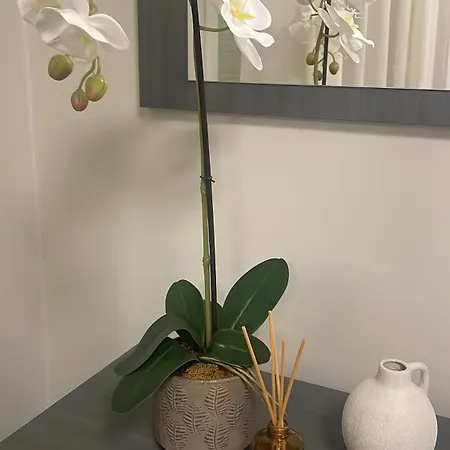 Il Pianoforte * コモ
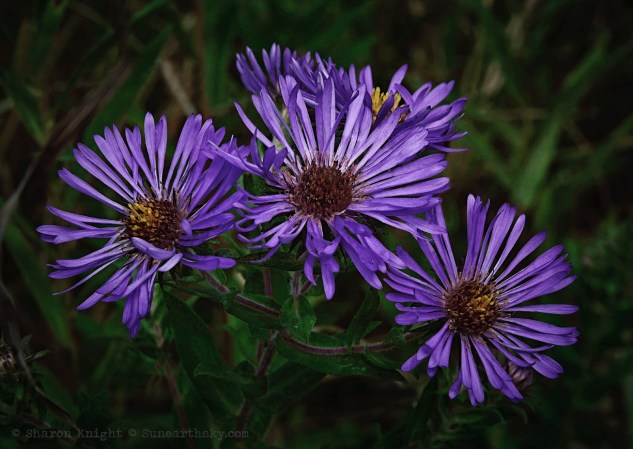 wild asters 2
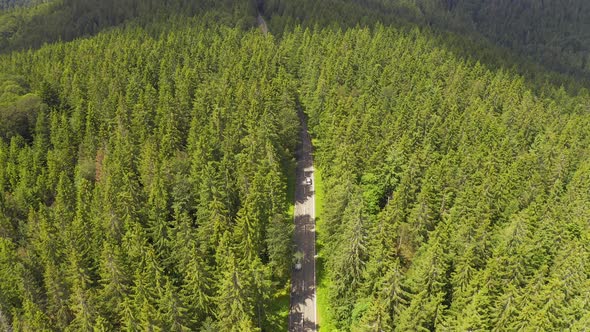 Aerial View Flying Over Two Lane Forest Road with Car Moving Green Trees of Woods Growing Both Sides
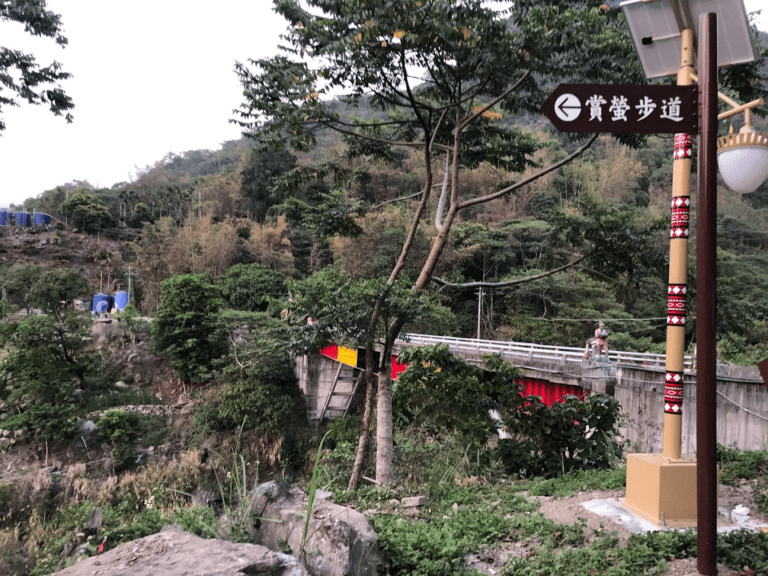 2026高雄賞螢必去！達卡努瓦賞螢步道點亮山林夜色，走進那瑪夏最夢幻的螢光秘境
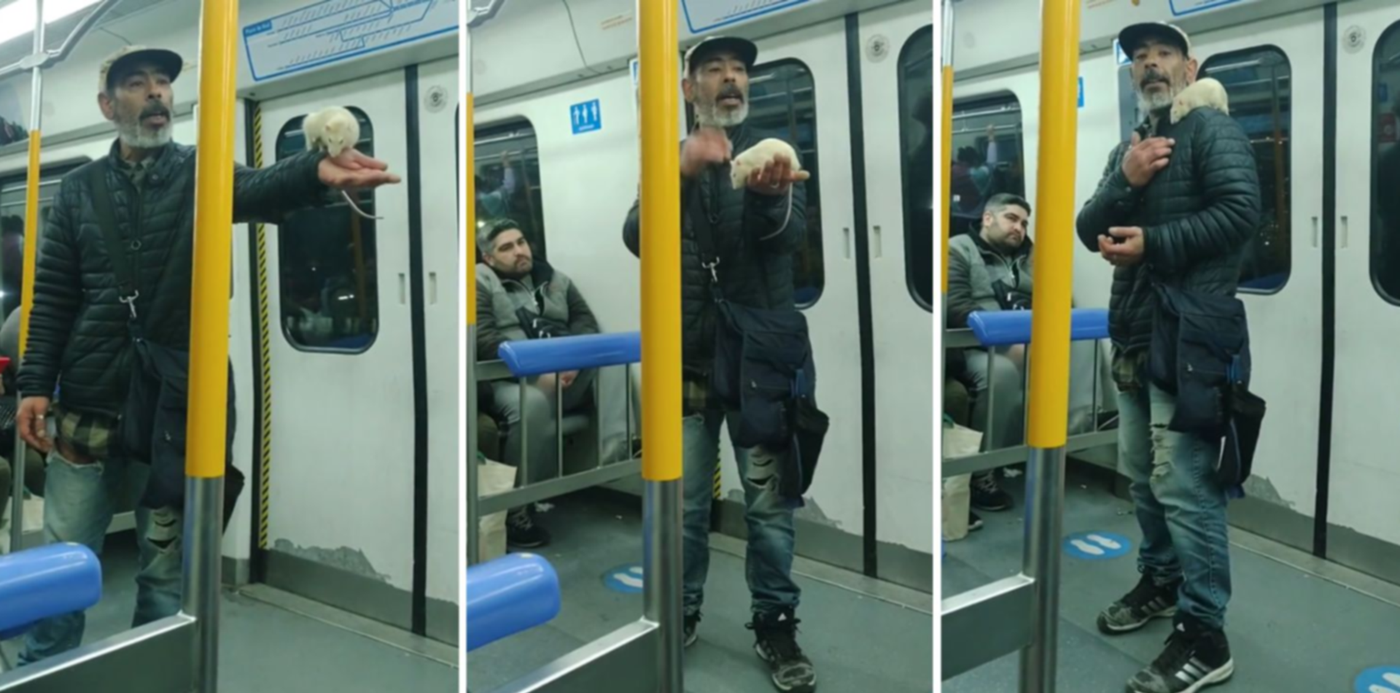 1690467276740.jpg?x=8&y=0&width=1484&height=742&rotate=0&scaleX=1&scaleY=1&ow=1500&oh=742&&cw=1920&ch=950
○ ○ ○ ○ ○ ○ ○
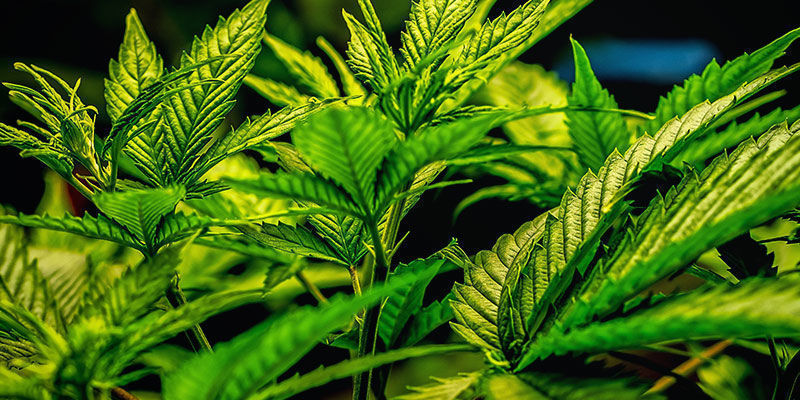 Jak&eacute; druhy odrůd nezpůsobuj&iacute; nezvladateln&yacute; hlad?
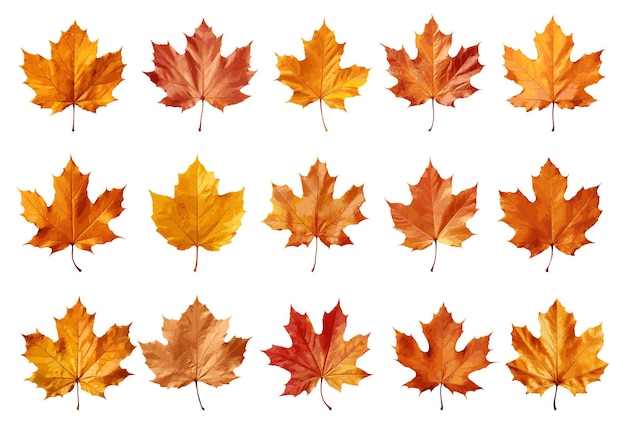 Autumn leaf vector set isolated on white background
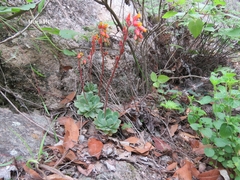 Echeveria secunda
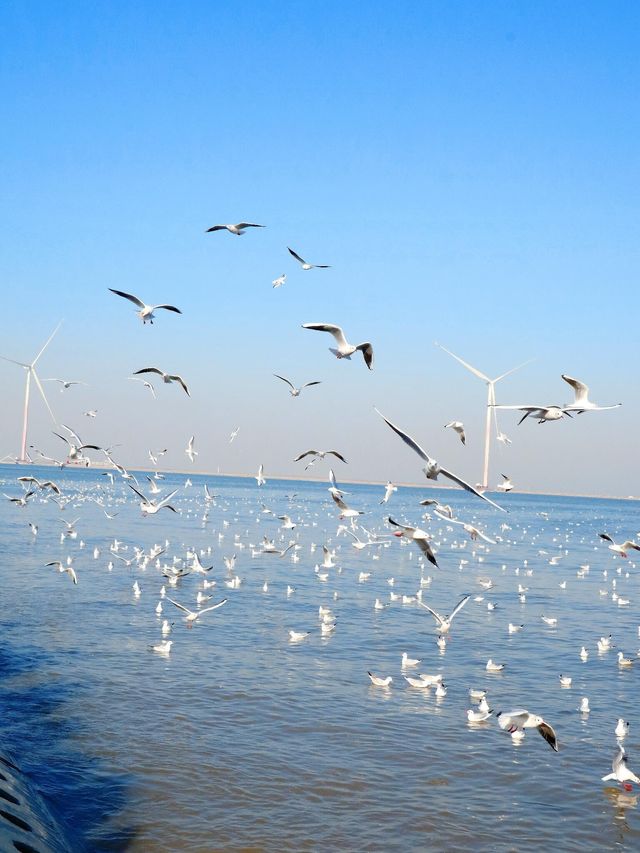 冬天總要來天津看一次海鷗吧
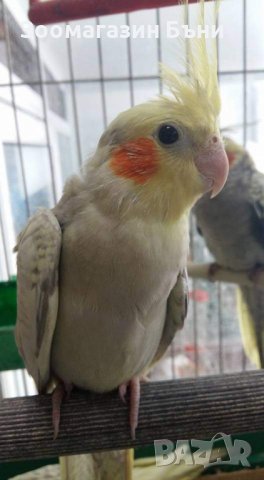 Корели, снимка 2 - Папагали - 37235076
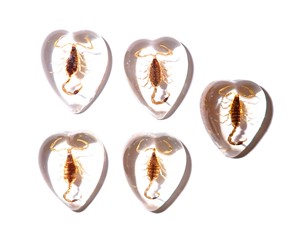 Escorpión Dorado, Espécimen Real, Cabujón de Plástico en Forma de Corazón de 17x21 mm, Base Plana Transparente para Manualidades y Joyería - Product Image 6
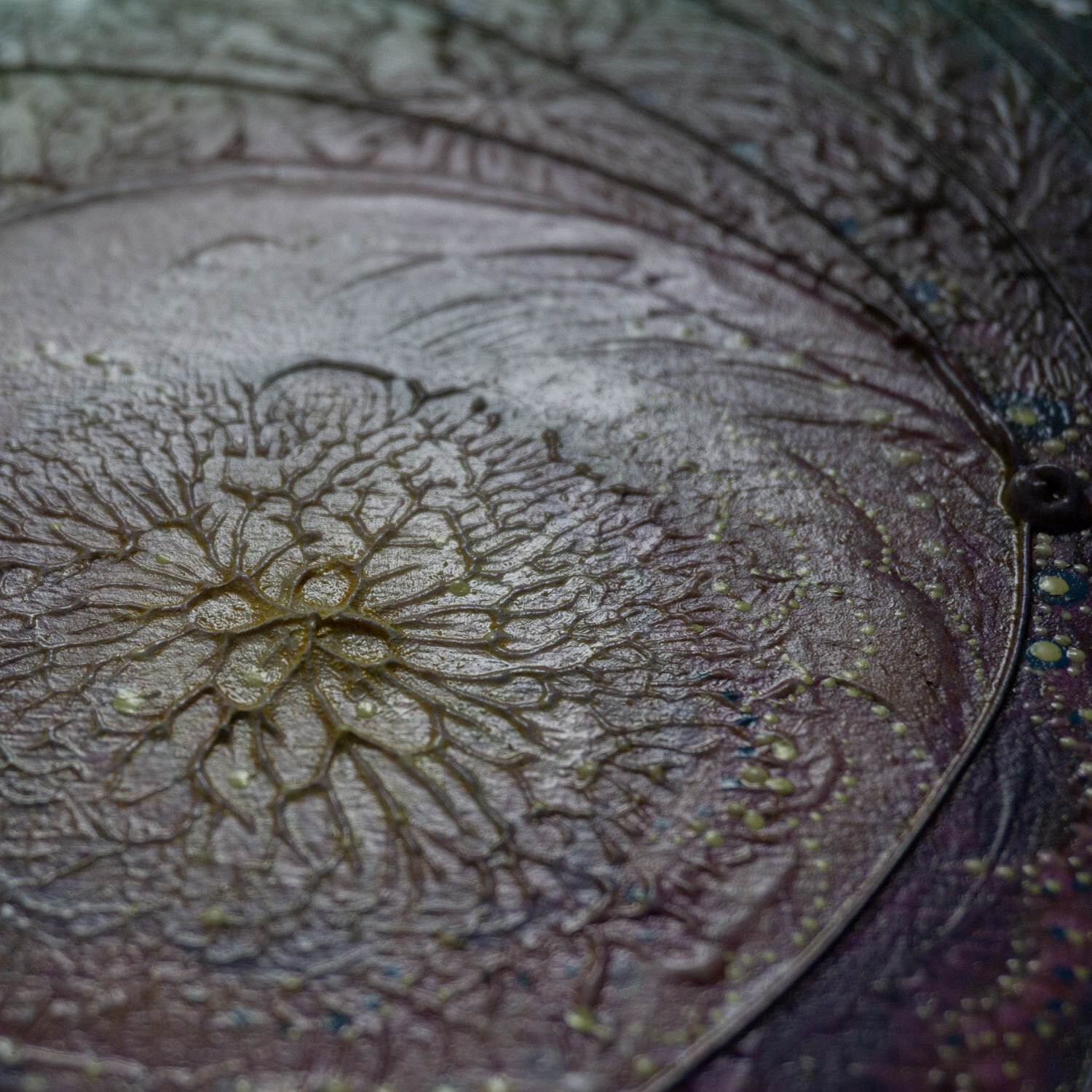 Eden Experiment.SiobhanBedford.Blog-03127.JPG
○ ○ ○ ○ ○ ○ ○
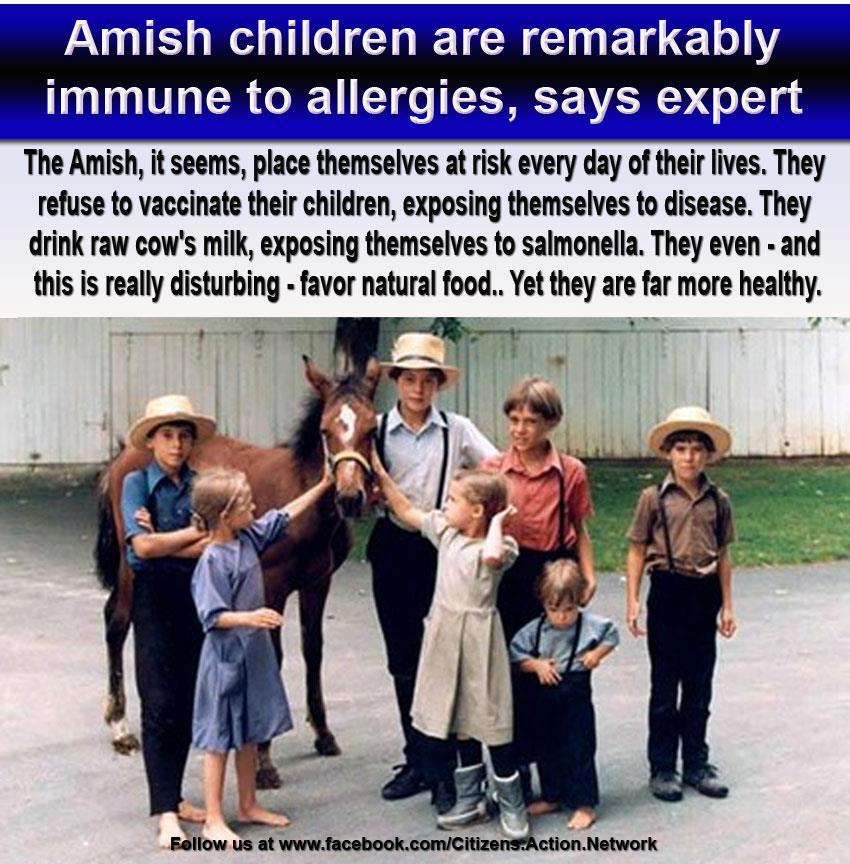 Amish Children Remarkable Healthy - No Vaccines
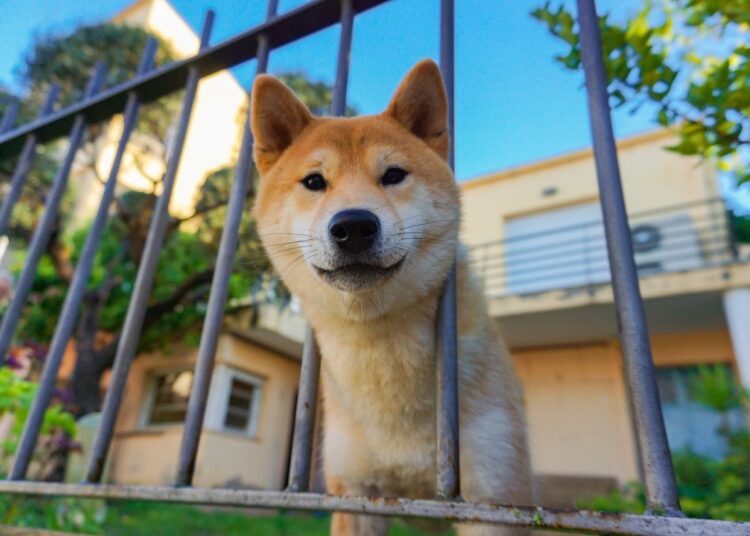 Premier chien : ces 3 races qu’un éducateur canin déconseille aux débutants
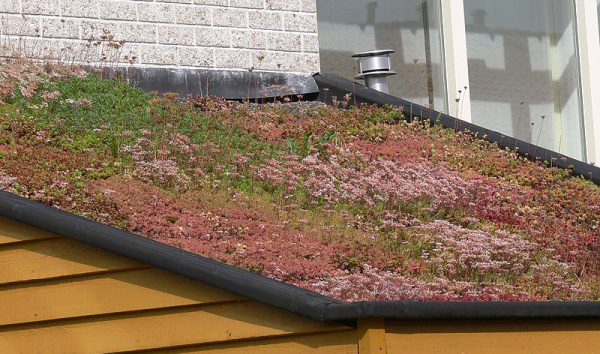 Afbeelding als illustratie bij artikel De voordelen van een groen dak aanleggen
○ ○ ○ ○ ○ ○ ○
• [PROBLEM TO SOLVE]: Produce an exact reproduction of the listing above, limited to the lines starting at the line with "Echeveria secunda" and ending at the line with "Eden Experiment.SiobhanBedford.Blog-03127.JPG", both kept, with every picture left out.

• [FINAL ANSWER]:
 Echeveria secunda
 冬天總要來天津看一次海鷗吧
 Корели, снимка 2 - Папагали - 37235076
 Escorpión Dorado, Espécimen Real, Cabujón de Plástico en Forma de Corazón de 17x21 mm, Base Plana Transparente para Manualidades y Joyería - Product Image 6
 Eden Experiment.SiobhanBedford.Blog-03127.JPG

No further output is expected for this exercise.